Algo de que senti falta é de um certo aprofundamento na apresentação das criaturas e entidades ancestrais. Fica a impressão que o autor considerou que o eventual leitor seria alguém que já passou por outros sistemas lovecraftianos e que isso justificaria uma certa economia descritiva. O que até pode ser verdade para quem jogou outros RPGs com a mesma temática, mas será frustrante para aqueles que escolheram Realms of Cthulhu como a porta de entrada no Universo do Mythos. Também senti falta de mais detalhes sobre a criação dos personagens: algumas dicas sobre o que torna um personagem convencional um "investigador do Mythos" seriam bem vindas.

Ao meu ver, Realms of Cthulhu funciona muito bem para grupos interessados em jogar aventuras centradas no gênero pulp. Ele permite que os investigadores sejam heróis, encarem cultistas e monstros em pé de igualdade. Tenho alguns colegas que criticam o fato de Call of Cthulhu e Rastro serem demasiadamente "cruéis" com personagens que tentam ser heróicos (e que acabam invariavelmente se dando mal). Para esses eu indico Realms sem pensar duas vezes. Se o seu objetivo é participar de um jogo envolvendo horror, mas com espaço para lutas, tiroteios, perseguições e ocasionais investigações, Realms é uma ótima pedida. Para algo mais profundo e condizente com o estilo dos contos originais, Realms talvez não seja a melhor das opções. Tenha em mente que mesmo no estilo Gritty, os personagens serão capazes de realizar façanhas muito mais significativas do que em outros sistemas. Os investigadores não são homens e mulheres comuns, mas indivíduos preparados para lidar com situações de perigo.
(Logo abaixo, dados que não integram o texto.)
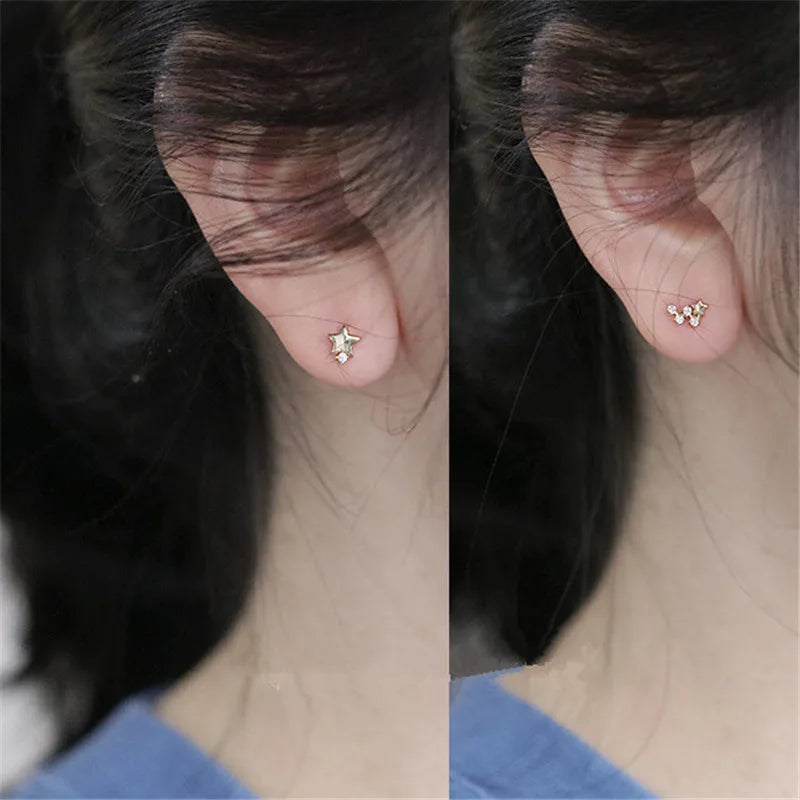 925 Sterling Silver Japanese Asymmetric Star Stud Earrings Women Modern Simple Student Party 14k Gold Plating Jewelry Gift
Uma das vantagens desse livro, mesmo que você não pretenda mestrar aventuras na ambientação, é que ele permite ao narrador inserir o Mythos de Cthulhu em qualquer outro cenário de Savage Worlds. As descrições, estatísticas e informações são perfeitamente intercambiáveis para outras ambientações. Quando mestrei "Savage Worlds of Solomon Kane", usei as estatísticas dos Dimensional Shamblers e Nightgaunts, inserindo esses monstros nas aventuras do puritano vingador. Um colega que mestrou The Day After Ragnarok usou os Serpent People em várias de suas aventuras. Até um Shoggoth apareceu em uma estória de Tour of Darkness perseguindo pobres soldados pelas selvas vietnamitas. Nesse contexto, Realms of Cthulhu fornece um bestiário com criaturas realmente apavorantes para tirar o sono de seus jogadores onde quer que eles estejam se aventurando.

Ao custo de US$ 39,99, Realms of Cthulhu pode ser encontrado em lojas virtuais como amazon.com e book depositary. É importante lembrar que é necessário ter uma cópia do Savage Worlds para jogar esse cenário.

2 comentários:

  1. Excelente resenha!, vamos vê como fica então!; pois o jogo já está certo. Ficamos agora na espera dos Cenário, suplementos; pelo que se sabe o carro chefe será Deadlands. Quem sabe se no futura Os Reinso de Cthulhu aportem por aqui!.